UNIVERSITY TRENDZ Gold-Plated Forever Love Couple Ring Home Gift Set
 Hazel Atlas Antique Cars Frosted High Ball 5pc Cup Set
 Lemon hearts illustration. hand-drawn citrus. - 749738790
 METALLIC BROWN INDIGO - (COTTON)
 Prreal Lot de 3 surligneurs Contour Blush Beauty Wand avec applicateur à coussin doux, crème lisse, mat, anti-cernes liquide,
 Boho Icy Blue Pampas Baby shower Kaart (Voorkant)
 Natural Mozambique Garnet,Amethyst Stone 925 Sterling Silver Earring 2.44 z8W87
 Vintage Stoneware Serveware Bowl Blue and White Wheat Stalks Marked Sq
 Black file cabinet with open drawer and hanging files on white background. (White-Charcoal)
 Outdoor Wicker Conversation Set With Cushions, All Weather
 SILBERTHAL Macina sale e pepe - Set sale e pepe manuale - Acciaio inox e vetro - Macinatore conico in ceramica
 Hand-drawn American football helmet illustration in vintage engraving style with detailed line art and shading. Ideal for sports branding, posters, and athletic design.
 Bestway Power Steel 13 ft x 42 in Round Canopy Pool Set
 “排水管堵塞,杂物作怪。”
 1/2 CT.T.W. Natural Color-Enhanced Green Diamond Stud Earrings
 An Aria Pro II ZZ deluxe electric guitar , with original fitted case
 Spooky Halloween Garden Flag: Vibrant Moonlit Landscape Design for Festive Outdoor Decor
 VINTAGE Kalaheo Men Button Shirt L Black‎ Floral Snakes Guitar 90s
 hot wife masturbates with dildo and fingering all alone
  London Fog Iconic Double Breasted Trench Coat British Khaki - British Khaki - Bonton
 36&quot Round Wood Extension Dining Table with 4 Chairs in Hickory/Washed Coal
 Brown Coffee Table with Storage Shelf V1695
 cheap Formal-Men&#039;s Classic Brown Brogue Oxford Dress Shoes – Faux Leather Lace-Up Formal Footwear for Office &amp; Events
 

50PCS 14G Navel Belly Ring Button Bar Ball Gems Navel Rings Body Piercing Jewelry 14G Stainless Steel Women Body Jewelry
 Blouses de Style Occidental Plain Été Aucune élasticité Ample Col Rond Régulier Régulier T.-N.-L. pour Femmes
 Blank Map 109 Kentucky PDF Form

-=-=-=-=-

| To do |
Please return only the lines from the one that contains "cheap Formal-Men&#039;s Classic" through the final line of the entries, each exactly as written.

| Result for this task |
 cheap Formal-Men&#039;s Classic Brown Brogue Oxford Dress Shoes – Faux Leather Lace-Up Formal Footwear for Office &amp; Events
 

50PCS 14G Navel Belly Ring Button Bar Ball Gems Navel Rings Body Piercing Jewelry 14G Stainless Steel Women Body Jewelry
 Blouses de Style Occidental Plain Été Aucune élasticité Ample Col Rond Régulier Régulier T.-N.-L. pour Femmes
 Blank Map 109 Kentucky PDF Form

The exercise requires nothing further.